NEW DELHI -- Forty Indian citizens working for a Turkish construction company near the Iraqi town of Mosul have been kidnapped, India's Foreign Ministry said Wednesday.
Ministry spokesman Syed Akbaruddin said there had been no contact with the kidnappers, and no ransom demand had been received. Over the past week, militants have overrun Mosul and seized wide swathes of territory as they stormed toward the Iraqi capital of Baghdad.
It was not immediately clear when the Indian workers were abducted. Akbaruddin said they were mostly from northern Indian states including Punjab, and had been working for the Tariq Noor al-Huda construction company in Iraq.
Relatives in the Punjabi city of Amritsar said they had received phone calls from some of the Indian workers on Sunday, five days after Mosul was captured.
Gurprender Kaur said her brother called and told her the workers were alone, in trouble and needed help. She did not give any further details about that call on Sunday, or say when she had last heard from him.
Another woman cried and clutched a family photograph as she spoke with Indian journalists in Amritsar about her missing son.
"Our children are in trouble. We want them back safe and sound," Ranjeet Kaur told Indian TV news agency NNIS. "We want the government to help us."
There are about 10,000 Indian citizens working and living in Iraq, but only about 100 are in violent, insecure areas, Foreign Ministry spokesman Akbaruddin said.
That includes 46 Indian nurses working in a hospital in the Iraqi town of Tikrit, but Akbaruddin said humanitarian organizations had been in touch with them and they were all safe.
"We are willing to assist any of the nurses who wish to return to India," he said, adding that "several Indian nurses prefer to stay back" in Iraq. They have all been advised to avoid travelling by road.

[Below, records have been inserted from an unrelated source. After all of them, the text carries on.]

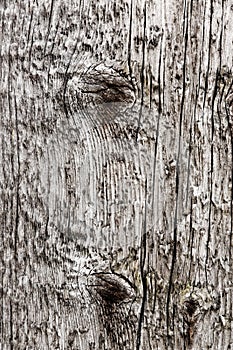 Textured wood surface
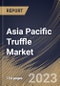 Asia Pacific Truffle Market Size, Share & Industry Trends Analysis Report By Nature (Conventional, and Organic), By Form (Fresh, and Processed), By Distribution Channel (B2C, and B2B), By End-use, By Product, By Country and Growth Forecast, 2023 - 2030 - Product Image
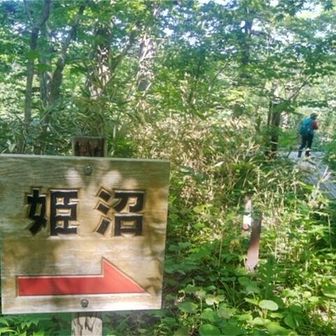 姫沼到着
案内板に150分とあり、のんびりペースから少し早めになる
90分で姫沼へ　数字間違ってる🤔
数ヶ所涸沢を渡り、意外とワイルドな道　マイヅルソウを踏まないように…
春蝉の蝉時雨が半端ない😱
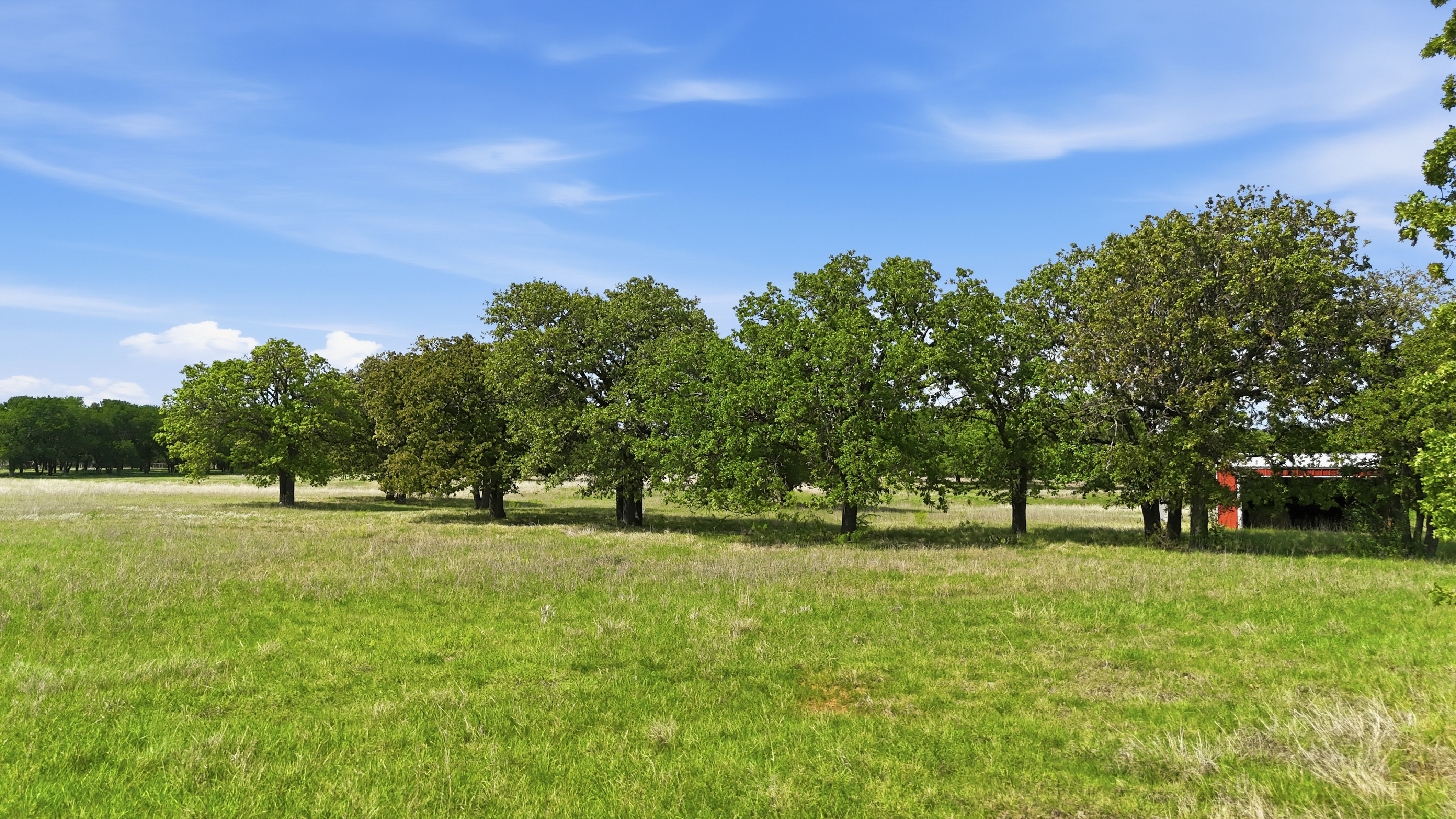  400 River Ranch Road, Aledo, TX, 76008 - 物件實景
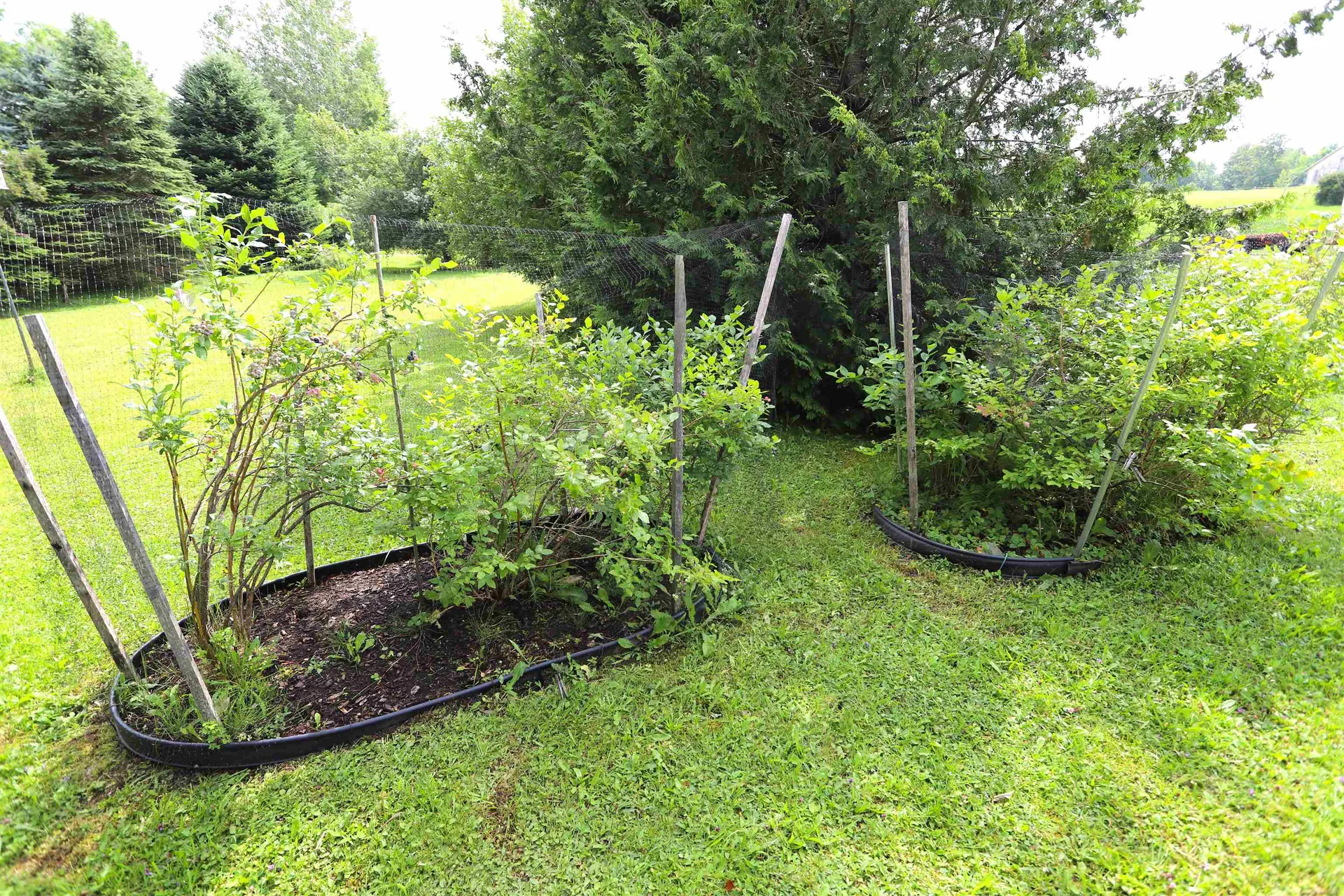 21 Rice Farm Lane Brownington VT 05860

India sent a senior diplomat to Baghdad on Wednesday, and planned to bring back some citizens on Friday. The government also opened a call centre to take phone calls from worried families with relatives in Iraq. By Wednesday afternoon, it had received 60 calls, he said.
National TV station NDTV broadcast a recording of a phone call with one of the nurses in Tikrit on Tuesday.
"We are afraid. We have no security here," a woman identified as nurse Marina Jose said over a crackling phone connection. "All the military, police, everybody escaped from here. Only we are here." She said the nurses were in touch with their families, most of whom are in the southern Indian state of Kerala.
On Wednesday, Iraq's prime minister said Iraqi troops had launched a counteroffensive as the fighters, led by the al-Qaida breakaway group Islamic State of Iraq and the Levant, laid siege to the country's main oil refinery.